Aurora Samerio | NurPhoto | Getty Images

The Supreme Court announced Friday it will hear arguments over the legality of a contentious Louisiana abortion regulation in its term beginning next week, setting the stage for a fight over reproductive rights in the middle of the 2020 presidential election.

The Louisiana law requires doctors who perform abortions to have admitting privileges at a hospital within 30 miles of the facility where the abortions are provided. Opponents said it would effectively limit the state of 4½ million to one abortion provider.

The battle over the Louisiana law is expected to be the first major test of how the court’s new conservative majority will approach the issue of reproductive rights. It is the first abortion restriction to come before the justices for argument since the departure of Justice Anthony Kennedy, whose successor, Justice Brett Kavanaugh, was supported by anti-abortion groups.

A decision in the case is expected to be released by the end of June.

It is the second time in three years that a fight over admitting privileges for abortion has made its way to the justices. In 2016, the court struck down a nearly identical Texas law by a vote of 5-3.

Despite that action, the U.S. 5th Circuit Court of Appeals ruled last year that the Louisiana law was permissible because it would have a different impact in Louisiana than it did in Texas.

“Here, unlike in Texas, the Act does not impose a substantial burden on a large fraction of women,” Circuit Judge Jerry Smith wrote at the time.

The Fifth Circuit decision would have allowed the Louisiana law to go into effect. But in February, the Supreme Court stepped in, with Chief Justice John Roberts joining the court’s liberals to put the law on hold.

How the court will ultimately rule on the law remains uncertain. In the time since the court struck down the law in Texas, the composition of the court has changed and become more conservative.

Kennedy, who voted in the majority to strike down the Texas law, has since left the bench, and President Donald Trump’s two appointees, Neil Gorsuch and Brett Kavanaugh, have joined it.

Kavanaugh’s views on the court’s abortion precedents are largely unknown. He seemed to carve out a middle ground between the court’s majority and his fellow conservatives the last time the Louisiana law came before the court.

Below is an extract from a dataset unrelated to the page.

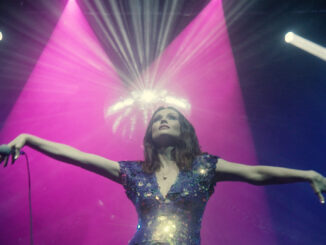 SOPHIE ELLIS-BEXTOR shares video for new single 'Crying at the Discotheque'
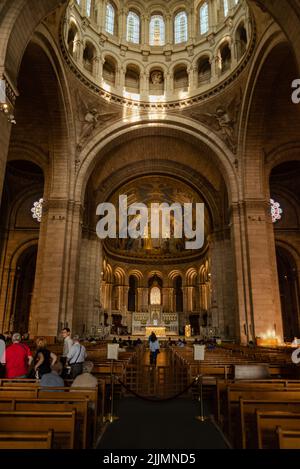 Eine wunderschöne Innenaufnahme der Basilika des Heiligen Herzens von Paris, die gemeinhin als Sacré-oeur bekannt ist Stockfoto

In a dissent from the court’s February decision to halt the Louisiana law, Kavanaugh wrote that he would have allowed the Louisiana law to go into effect temporarily, saying that doing so would “resolve the factual uncertainties” before the court ultimately issued a final ruling.

“We are counting on the Court to follow its precedent,” Nancy Northup, president and CEO of the Center for Reproductive Rights, which initiated the challenge against the law, said in a statement. “Otherwise, clinics will needlessly close and there will be just one doctor left in the entire state to provide abortion care.”

The case is known as Rebekah Gee v. June Medical Services, No. 18-1460.